Determination of Parameters (Transformers)

Thread Starter

jegues

Joined Sep 13, 2010
733
I've been reading through the notes for my course and in the section where we are determining the parameters for transformers.

For the OCT they give,

240V, 1.066A, 136.6W

From this they calculate Rc and Xm which I understand how to do but underneath in bold it says,

"Calculate the power factor of the transformer during the OCT and comment."

Wouldn't the PF of the transformer just be,

\(PF = \frac{136.6W}{240V \cdot 1.066A} = 0.533\)

Is there something to take away from this? It wouldn't be put in bold in my notes for no reason.
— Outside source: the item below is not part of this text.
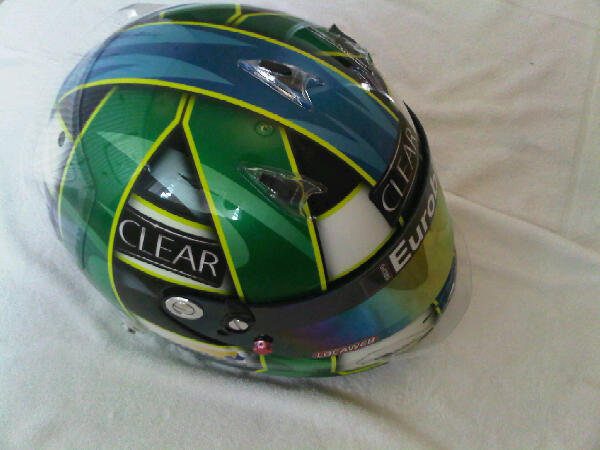 Di Grassi nos enseña su nuevo casco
What am I to conlcude from this?
 

t_n_k

Joined Mar 6, 2009
5,447
Nothing particularly startling about the low excitation power factor. Would one not expect that to be normal?
 

Thread Starter

jegues

Joined Sep 13, 2010
733
Nothing particularly startling about the low excitation power factor. Would one not expect that to be normal?
I don't know.

This point was put in bold within my professors typed up notes for the course, so I'm sure there's something he wants us to take note of or realize here, I just can't figure out what.
 

t_n_k

Joined Mar 6, 2009
5,447
Trying to second guessing a professor has its pitfalls. Does he/she want an erudite dissertation or simply a brief sentence or two?

I would offer a reasonable explanation as to why I would expect the excitation power factor to be low and what are the practical aspects of the magnetic circuit design that have any bearing on this.

Secondly I would offer some engineering justification as to why one can't reach 'perfection' on that score.

What is a reasonable design compromise on the excitation power factor? Could one, for instance, achieve an excitation power factor of 0.1 say and if so what cost penalty would the designer incur in achieving this? How does one adjust the excitation power factor in the design process? Is the excitation power factor really all that important from the designer's perspective?